In RAVE, each module has a distinct module ID (fooof_module in this case) and a human friendly label name (Fooof). Please make sure the module ID is unique and does not collide with others. A good convention follows <institute>_<lab_name>_<module_id>, such as utmb_karaslab_freez, or upenn_ese25_fooof.

Open modules/fooof_module/ directory, and we will see the pipeline files. The following list includes the most important files:

DESCRIPTION declares title, descriptions, and authorship of the module;
main.Rmd RAVE-markdown file, the entry point containing the important analysis scripts of the pipeline;
settings.yaml pipeline user inputs;
py/ A folder containing shared Python functions that can be reused by main.Rmd;
R/ A folder containing UI code and shared R functions that can be reused by main.Rmd.

2.2 `main.Rmd` - the entry point

2.2.1 Anatomy of RAVE-markdown

Markdown is a type of markup language for creating formatted text using a plain-text editor. A RAVE-markdown document is a special file in markdown that allows RAVE to construct a pipeline from the code blocks.

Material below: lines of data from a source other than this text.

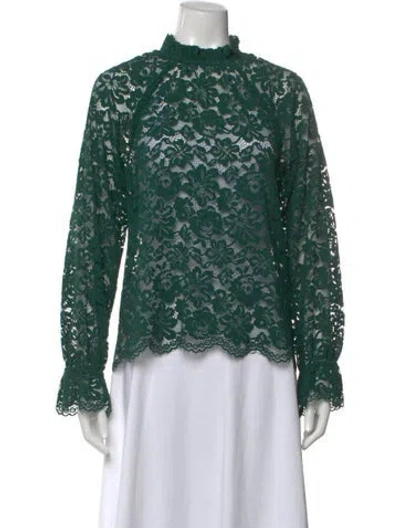 Pre-owned Hill House Home Floral Print Mock Neck Blouse In Green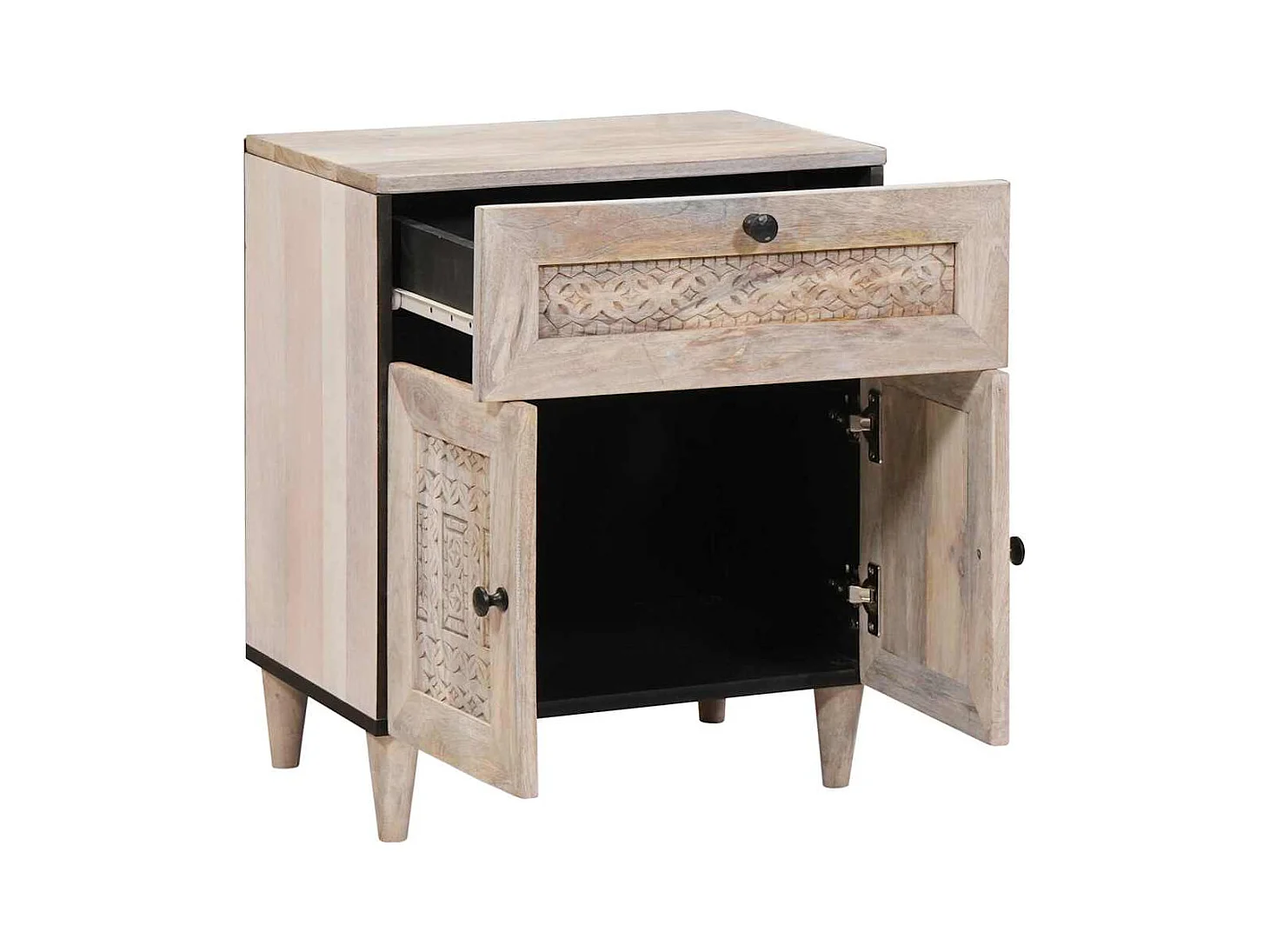 Table de chevet Beige 50 x 33 x 60 cm bois de manguier massif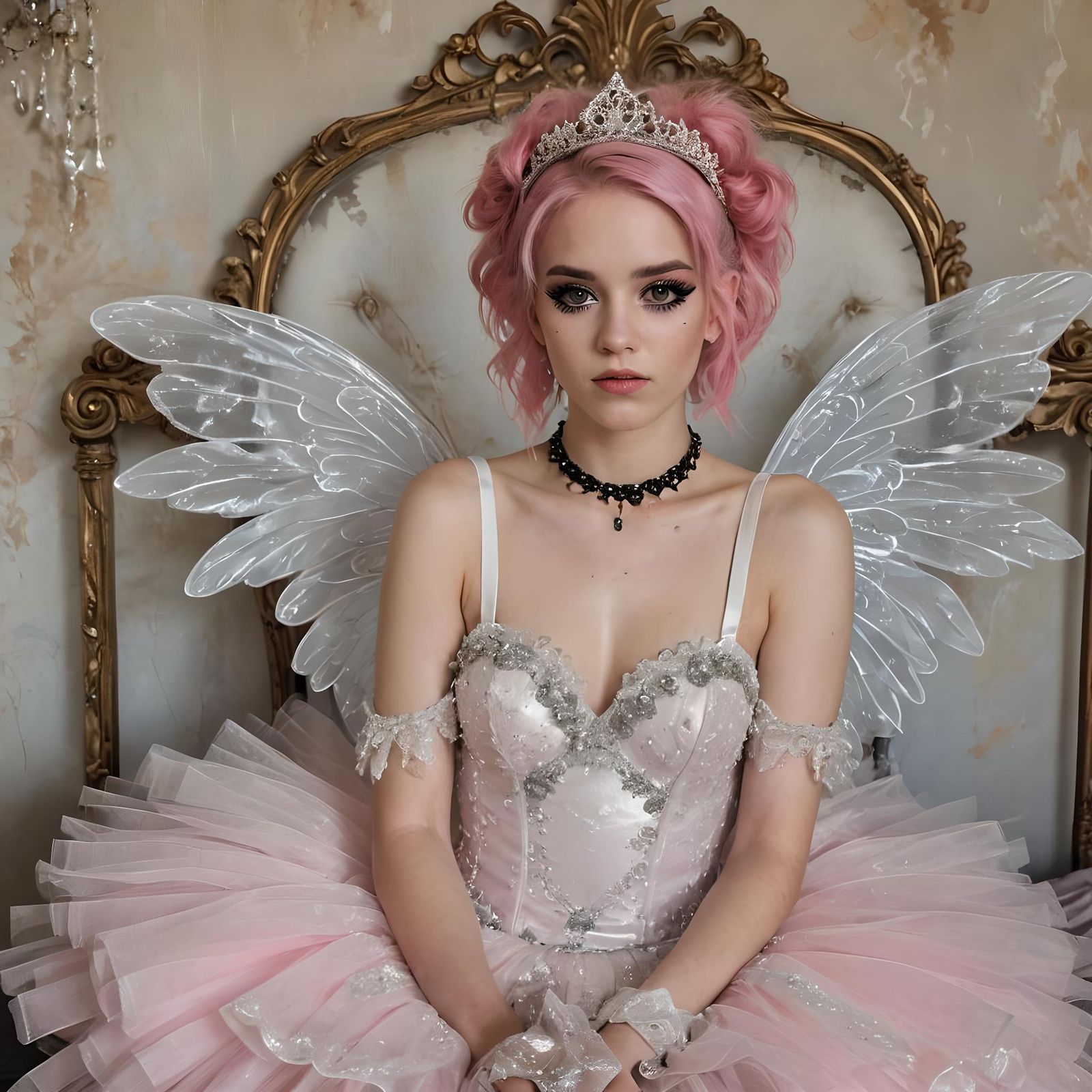 Punk Woman with Fairy Wings: An Oil Painting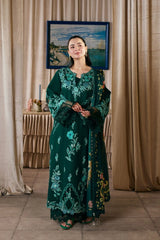 BrandsInn-3PC DHANAK CHIKAN EMBROIDERED SHIRT WITH COUTRAI PRINTED SHAWL AND TROUSER-BI-5300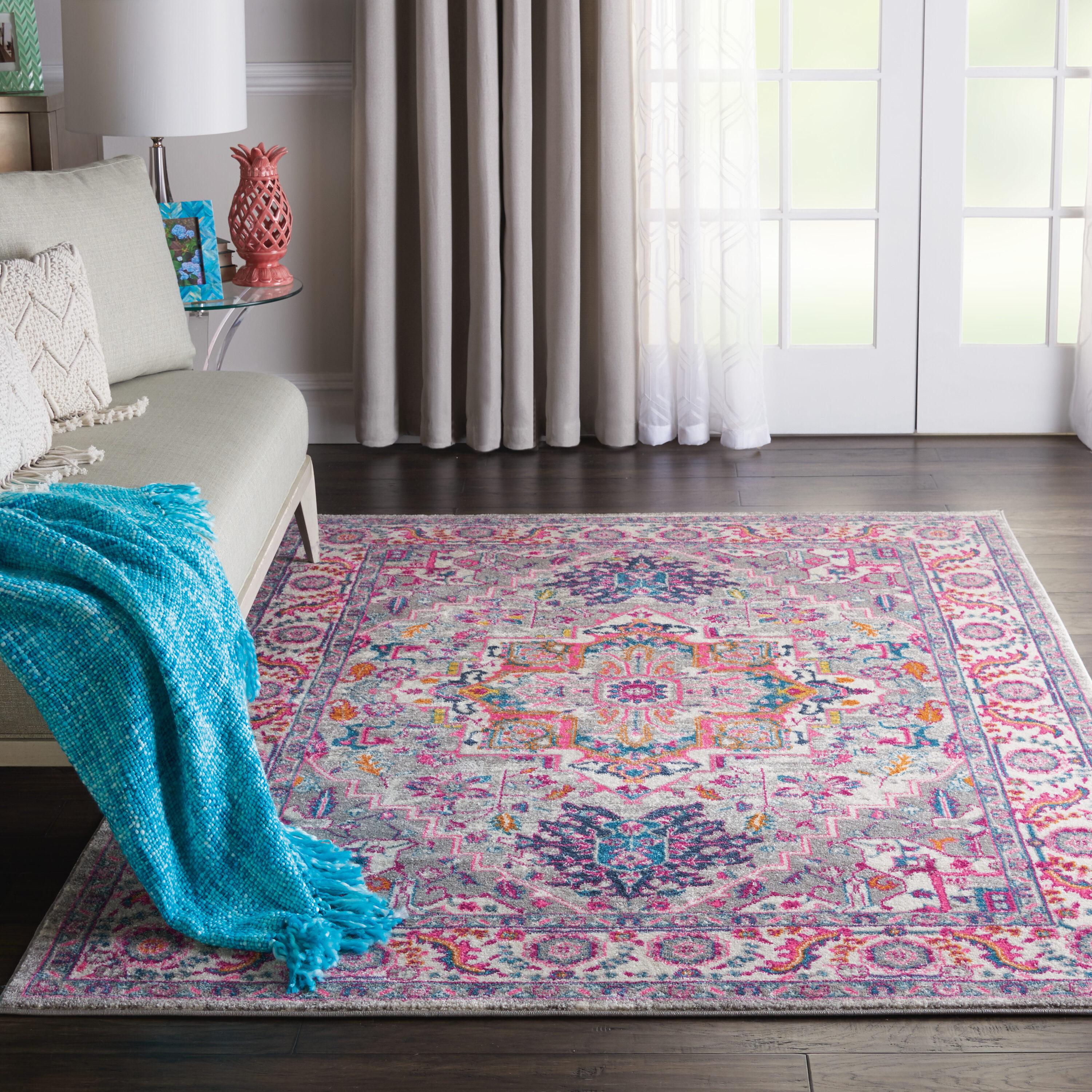 Nourison Passion Colorful Center Medallion Indoor Area Rug Light Grey/Pink 5'3" x 7'3"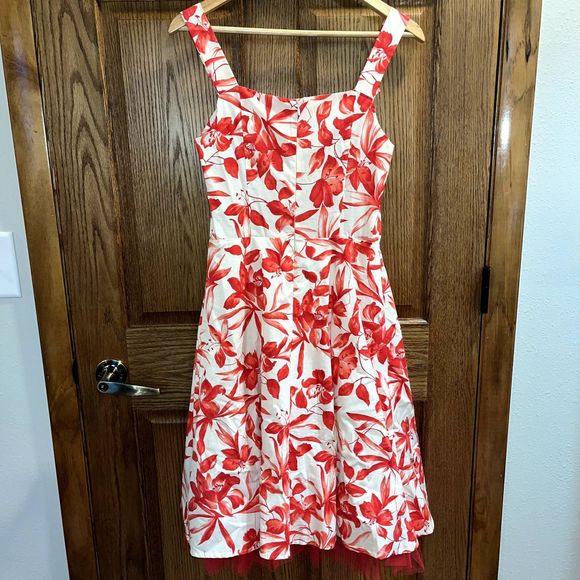 Ruby Rox Vintage Women's 5 Red A line Hawaiian Beachy Coastal Swing Dress - Picture 2 of 5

A typical RAVE-markdown file (an example is available here) starts with a key-value meta-data field specifying the title and styles of the document (possibly with other optional key-values). Please change the “title” field accordingly.

---
title: "RAVE Pipeline Markdown Template"
output:
  html_document: default
  pdf_document: default
---

A setup block immediately follows the meta field. This block provides tools to help the developers debug this markdown by preparing proper environments, loading the input settings to the memory, and injecting utility functions for the pipeline. Please do NOT edit nor remove this block.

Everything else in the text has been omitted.